When I go back the line is out the door and the wait seems endless. I was R96 and R39 was just called as I take my seat. I wait for a little over two hours before realizing I had to leave in order to make it to work on time. The only saving grace is that I saw a high school friend (shout out to J. Rosa) and was able to catch up for a bit with him.
So, after two trips to the registry, my now completed paperwork and I leave with business unsettled and plans to return the next day, son in tow.
I wasn’t happy about having to come back but it didn’t exactly bother me either. I felt like the universe sent me home to come back because if I didn’t I wouldn’t have had the pleasure of seeing an old friend. And maybe seeing each other set some energy in motion that we aren’t even aware of. What I didn’t know was that my true gift from the universe would be delivered on my third trip when I would meet Y31.

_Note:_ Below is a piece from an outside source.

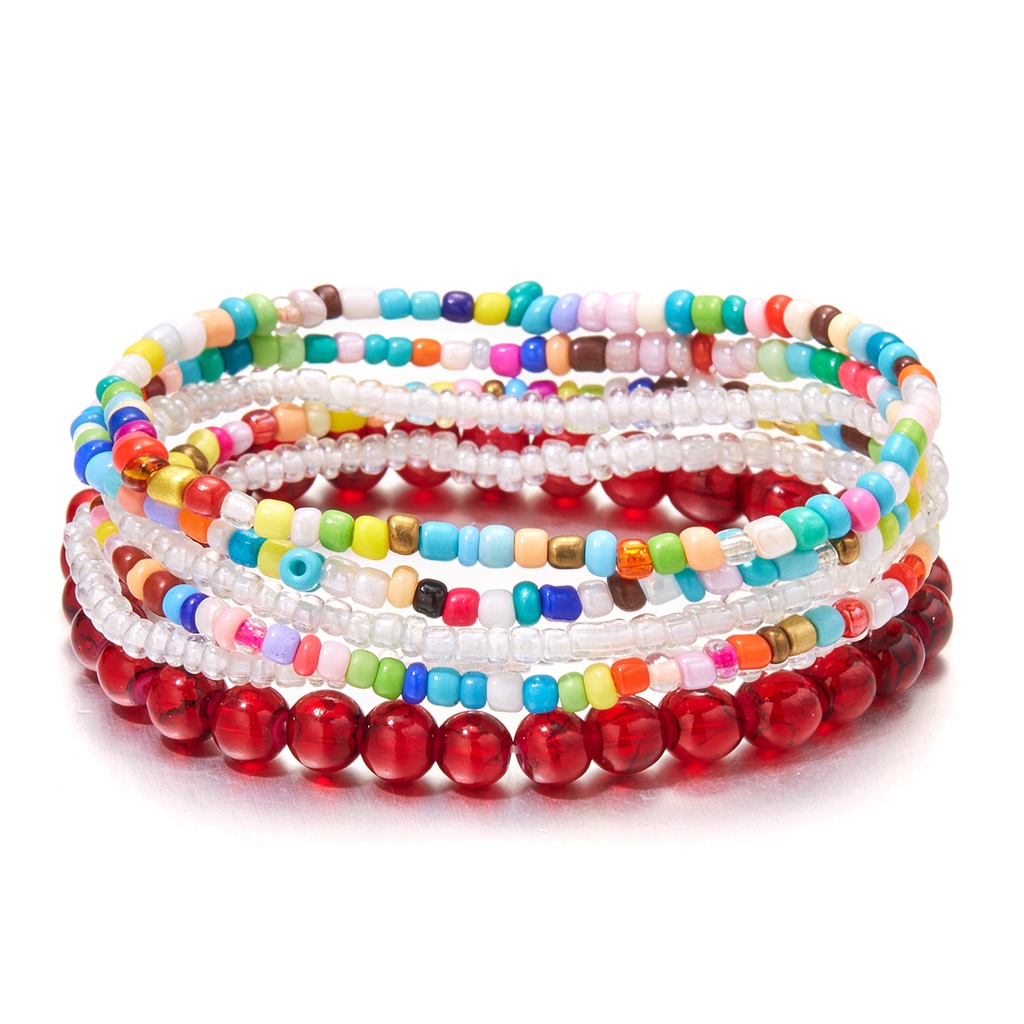 4Pcs/Set Boho Multilayer Crystal Bangle Beaded Bracelet Women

The rest of this post is a letter I wrote to Y31 detailing how I experienced her. Fair warning- it’s a LONG post. Some of you may read it and agree with me and others not.
Anaïs Nin said it best -“we don’t see things as they are; we see them as we are.”
Meet Y31.
Dear Y31,
We haven’t officially met but we shared a pivotal moment. We occupied the same space at the same time, with the same issue yet our experience couldn’t have been more different.
Like you, I was waiting to hear my number at the registry on a 95 degree day with probably hundreds of other people over a span of two plus hours.
Before we “met”, my son said that he was thirsty so I pulled a bottle of Dasani water out of my bag. He was taken aback by my ability to provide him what he needed so I had to explain that there are endless possibilities inside a mom purse. This gave birth to a game around what miscellaneous things it actually occupied. See, he was bored and knew we’d be there for awhile but lucky for me, he was also intrigued by the idea of a mom purse. Because of that, this game occupied him for several rounds during which he laughed, learned, lived and survived.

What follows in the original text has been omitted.